Jörg Kronauer, Der Aufmarsch – Vorgeschichte zum Krieg. Russland, China und der Westen

Der in London lebende Autor Jörg Kronauer hat sich bereits durch mehrere Publikationen, in denen er die sich verändernde geostrategische Weltlage unter die Lupe nahm, einen Namen gemacht. Sein neuestes Buch mit dem Titel „Der Aufmarsch Vorgeschichte zum Krieg.

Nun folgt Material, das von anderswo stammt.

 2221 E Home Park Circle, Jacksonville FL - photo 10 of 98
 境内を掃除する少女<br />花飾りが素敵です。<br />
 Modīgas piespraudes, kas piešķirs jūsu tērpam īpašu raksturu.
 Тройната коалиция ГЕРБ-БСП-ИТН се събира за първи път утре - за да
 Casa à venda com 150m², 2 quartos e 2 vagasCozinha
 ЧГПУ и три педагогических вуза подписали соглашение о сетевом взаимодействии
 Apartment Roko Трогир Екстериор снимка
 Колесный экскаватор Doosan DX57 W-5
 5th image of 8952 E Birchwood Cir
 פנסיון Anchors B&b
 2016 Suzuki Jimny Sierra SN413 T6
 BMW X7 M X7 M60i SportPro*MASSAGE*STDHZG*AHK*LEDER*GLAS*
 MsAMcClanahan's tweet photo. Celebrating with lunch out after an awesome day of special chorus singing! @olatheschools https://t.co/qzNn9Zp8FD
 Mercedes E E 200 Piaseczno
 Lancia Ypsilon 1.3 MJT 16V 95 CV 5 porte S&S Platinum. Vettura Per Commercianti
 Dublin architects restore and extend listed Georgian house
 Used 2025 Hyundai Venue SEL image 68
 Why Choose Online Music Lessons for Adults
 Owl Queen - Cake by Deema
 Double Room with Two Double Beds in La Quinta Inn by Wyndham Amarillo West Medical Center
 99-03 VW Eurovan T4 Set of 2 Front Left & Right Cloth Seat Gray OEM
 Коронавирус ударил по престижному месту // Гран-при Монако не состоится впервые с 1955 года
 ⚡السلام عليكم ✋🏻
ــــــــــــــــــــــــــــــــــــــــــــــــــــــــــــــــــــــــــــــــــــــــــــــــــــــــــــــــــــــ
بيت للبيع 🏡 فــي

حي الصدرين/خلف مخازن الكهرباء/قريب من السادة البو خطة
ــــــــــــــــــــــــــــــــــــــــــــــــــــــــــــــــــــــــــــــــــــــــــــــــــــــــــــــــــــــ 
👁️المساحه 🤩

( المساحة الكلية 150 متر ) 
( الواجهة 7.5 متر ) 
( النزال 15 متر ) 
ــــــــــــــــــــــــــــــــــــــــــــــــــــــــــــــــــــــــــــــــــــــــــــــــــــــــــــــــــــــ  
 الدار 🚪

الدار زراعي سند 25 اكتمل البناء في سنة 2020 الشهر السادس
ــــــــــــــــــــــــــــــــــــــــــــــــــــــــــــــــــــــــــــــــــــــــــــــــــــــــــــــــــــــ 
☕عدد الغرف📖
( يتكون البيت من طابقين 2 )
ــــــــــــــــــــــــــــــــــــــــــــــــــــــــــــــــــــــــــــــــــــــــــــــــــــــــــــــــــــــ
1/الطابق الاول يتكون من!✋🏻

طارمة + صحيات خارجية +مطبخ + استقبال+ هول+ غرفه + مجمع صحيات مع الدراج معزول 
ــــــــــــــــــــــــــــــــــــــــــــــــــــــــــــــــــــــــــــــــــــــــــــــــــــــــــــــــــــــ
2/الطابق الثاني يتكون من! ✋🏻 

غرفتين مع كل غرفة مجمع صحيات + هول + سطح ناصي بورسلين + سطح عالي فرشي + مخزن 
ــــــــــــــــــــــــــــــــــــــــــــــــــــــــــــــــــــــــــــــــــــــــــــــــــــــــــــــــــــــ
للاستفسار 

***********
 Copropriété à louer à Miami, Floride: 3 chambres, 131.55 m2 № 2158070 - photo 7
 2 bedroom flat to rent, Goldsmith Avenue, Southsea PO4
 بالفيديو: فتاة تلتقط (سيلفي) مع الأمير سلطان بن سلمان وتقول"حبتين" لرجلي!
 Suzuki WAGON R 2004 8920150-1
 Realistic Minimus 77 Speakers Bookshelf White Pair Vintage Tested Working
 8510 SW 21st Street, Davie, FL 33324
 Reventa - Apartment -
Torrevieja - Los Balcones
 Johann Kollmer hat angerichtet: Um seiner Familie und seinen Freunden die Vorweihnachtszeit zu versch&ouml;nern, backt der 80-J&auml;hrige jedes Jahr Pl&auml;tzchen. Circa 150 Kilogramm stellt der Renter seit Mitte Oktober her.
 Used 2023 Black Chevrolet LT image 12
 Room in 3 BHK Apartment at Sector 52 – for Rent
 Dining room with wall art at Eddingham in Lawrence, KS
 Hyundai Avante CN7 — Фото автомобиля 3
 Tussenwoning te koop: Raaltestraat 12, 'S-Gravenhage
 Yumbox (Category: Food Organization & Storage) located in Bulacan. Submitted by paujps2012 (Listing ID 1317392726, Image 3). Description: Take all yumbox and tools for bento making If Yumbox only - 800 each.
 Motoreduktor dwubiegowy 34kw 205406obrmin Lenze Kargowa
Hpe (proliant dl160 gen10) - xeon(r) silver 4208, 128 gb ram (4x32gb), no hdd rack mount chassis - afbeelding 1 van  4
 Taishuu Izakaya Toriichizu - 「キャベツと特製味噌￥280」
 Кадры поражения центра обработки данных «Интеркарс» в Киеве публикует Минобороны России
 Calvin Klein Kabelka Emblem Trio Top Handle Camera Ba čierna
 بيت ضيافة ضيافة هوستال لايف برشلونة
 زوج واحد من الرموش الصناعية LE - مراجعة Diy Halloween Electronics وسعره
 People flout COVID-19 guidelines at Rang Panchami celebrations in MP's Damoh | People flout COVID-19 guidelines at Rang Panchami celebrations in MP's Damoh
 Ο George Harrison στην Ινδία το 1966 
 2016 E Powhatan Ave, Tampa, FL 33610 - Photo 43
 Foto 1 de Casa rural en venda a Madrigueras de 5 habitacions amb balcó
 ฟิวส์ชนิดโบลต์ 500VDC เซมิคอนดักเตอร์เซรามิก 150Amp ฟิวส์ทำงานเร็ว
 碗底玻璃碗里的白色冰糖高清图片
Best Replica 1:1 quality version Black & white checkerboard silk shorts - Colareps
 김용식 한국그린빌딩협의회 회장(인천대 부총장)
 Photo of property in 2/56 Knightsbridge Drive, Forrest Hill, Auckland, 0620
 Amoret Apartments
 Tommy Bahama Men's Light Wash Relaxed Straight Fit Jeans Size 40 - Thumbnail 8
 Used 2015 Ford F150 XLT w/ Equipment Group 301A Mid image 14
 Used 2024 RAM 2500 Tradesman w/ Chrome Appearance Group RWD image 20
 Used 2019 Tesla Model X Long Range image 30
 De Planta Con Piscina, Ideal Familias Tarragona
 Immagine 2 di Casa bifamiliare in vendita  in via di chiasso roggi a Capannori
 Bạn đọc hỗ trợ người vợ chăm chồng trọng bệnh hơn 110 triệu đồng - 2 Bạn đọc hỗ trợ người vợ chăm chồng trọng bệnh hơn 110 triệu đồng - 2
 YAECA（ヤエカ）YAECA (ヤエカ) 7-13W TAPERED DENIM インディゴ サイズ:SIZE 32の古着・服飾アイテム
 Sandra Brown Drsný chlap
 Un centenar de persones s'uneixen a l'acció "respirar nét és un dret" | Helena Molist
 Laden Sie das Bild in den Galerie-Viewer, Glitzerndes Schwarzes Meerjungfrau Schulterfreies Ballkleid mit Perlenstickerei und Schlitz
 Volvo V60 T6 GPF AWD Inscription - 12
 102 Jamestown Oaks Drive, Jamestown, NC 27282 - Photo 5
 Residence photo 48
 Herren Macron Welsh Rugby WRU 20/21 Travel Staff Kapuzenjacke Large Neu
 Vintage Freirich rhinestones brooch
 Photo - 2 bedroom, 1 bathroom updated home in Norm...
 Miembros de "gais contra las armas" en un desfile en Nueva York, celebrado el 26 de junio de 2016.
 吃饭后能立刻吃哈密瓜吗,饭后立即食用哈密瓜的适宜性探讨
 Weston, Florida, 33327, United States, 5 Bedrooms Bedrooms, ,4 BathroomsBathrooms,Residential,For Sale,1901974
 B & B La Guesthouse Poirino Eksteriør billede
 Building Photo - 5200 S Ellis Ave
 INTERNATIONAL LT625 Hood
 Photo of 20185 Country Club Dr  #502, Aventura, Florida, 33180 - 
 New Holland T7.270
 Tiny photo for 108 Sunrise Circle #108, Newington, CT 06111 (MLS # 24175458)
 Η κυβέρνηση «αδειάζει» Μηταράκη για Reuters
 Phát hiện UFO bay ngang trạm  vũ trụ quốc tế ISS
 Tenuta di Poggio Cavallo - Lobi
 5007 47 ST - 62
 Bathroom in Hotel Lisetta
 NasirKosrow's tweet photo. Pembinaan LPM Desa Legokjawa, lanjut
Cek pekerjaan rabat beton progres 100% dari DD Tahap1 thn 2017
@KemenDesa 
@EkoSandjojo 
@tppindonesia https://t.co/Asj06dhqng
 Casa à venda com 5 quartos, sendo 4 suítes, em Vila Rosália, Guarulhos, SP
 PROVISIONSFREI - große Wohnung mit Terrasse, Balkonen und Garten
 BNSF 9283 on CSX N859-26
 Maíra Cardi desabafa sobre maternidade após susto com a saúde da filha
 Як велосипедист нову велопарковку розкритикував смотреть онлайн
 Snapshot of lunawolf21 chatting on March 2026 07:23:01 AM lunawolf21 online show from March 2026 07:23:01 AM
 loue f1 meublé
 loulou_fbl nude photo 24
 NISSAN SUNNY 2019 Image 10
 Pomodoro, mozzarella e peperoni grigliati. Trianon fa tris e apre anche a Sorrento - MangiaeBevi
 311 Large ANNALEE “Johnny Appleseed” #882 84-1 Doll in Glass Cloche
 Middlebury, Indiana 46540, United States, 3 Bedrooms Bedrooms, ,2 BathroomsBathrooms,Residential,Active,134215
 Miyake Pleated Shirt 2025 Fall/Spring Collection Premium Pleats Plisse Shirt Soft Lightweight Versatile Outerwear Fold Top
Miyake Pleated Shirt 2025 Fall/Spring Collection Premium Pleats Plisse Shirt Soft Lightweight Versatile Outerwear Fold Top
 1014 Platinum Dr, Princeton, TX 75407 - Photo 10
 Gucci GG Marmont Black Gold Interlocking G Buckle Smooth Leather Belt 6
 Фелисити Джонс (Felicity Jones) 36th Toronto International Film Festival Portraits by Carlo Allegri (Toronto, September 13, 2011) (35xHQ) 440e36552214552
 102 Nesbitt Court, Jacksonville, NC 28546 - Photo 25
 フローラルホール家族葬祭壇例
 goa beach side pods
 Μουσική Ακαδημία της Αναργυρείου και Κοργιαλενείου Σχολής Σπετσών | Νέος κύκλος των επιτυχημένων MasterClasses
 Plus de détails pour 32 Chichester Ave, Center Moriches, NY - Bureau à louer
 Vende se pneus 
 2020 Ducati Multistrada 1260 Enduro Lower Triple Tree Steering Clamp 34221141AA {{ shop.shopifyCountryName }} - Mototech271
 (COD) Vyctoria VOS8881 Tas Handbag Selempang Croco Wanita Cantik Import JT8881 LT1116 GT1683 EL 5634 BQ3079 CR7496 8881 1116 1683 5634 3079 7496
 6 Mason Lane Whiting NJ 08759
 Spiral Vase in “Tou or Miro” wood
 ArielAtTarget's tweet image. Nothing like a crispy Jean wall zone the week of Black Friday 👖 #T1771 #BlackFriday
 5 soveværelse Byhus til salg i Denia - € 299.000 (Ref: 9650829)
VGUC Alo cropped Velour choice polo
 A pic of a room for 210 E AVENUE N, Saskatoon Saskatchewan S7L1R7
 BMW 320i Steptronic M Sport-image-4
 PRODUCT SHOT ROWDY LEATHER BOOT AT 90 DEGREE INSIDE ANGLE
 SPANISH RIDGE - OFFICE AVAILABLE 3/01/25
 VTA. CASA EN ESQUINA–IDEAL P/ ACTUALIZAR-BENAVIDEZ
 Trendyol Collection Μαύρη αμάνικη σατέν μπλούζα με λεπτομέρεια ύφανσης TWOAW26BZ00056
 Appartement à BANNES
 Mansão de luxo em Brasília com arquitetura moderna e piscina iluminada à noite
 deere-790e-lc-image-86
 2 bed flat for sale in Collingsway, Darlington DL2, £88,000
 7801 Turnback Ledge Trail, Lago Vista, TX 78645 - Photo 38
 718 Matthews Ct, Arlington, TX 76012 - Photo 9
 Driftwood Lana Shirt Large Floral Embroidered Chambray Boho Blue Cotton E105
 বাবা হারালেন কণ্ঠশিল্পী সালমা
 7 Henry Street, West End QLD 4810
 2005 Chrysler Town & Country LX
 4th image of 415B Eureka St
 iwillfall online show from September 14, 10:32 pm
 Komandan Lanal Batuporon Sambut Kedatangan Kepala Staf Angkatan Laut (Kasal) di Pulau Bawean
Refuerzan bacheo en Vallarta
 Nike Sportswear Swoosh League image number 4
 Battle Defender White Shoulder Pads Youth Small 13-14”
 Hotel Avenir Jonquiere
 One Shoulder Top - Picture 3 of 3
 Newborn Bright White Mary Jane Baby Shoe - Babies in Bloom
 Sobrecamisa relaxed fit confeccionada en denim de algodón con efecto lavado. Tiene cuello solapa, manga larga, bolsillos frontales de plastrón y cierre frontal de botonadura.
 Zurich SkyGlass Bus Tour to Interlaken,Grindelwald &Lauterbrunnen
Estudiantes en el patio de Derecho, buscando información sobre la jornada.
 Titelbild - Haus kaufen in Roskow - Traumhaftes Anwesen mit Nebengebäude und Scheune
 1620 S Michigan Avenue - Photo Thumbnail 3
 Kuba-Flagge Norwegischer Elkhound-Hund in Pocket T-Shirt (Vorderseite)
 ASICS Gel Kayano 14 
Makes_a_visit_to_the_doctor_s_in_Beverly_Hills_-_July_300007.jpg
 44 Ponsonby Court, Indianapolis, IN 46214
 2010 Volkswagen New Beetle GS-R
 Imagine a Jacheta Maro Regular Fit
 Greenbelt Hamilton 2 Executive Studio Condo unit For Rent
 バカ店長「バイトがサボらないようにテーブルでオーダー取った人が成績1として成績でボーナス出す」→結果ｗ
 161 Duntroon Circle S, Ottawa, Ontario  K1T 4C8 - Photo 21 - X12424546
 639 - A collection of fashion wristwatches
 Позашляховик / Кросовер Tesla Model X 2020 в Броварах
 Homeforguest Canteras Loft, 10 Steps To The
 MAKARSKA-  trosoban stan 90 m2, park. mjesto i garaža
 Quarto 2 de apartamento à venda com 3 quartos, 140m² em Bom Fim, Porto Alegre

Russland, China und der Westen“ ist nicht nur wegen der darin dargestellten Entwicklung lesenswert, sondern auch durch die historisch einzigartige Tatsache, dass der Text bereits beim Verlag war, als der Autor wie der Rest der Welt von dem Einmarsch der russischen Streitkräfte am 22. Februar in die Ukraine erfuhr. Dieses Faktum setzt den zu erwartenden Vorwurf außer Kraft, da würde im Nachhinein für das Verständnis von etwas geworben, für das es kein Verständnis geben sollte, es sei denn, man hat die gesamte Entwicklung im Blick. 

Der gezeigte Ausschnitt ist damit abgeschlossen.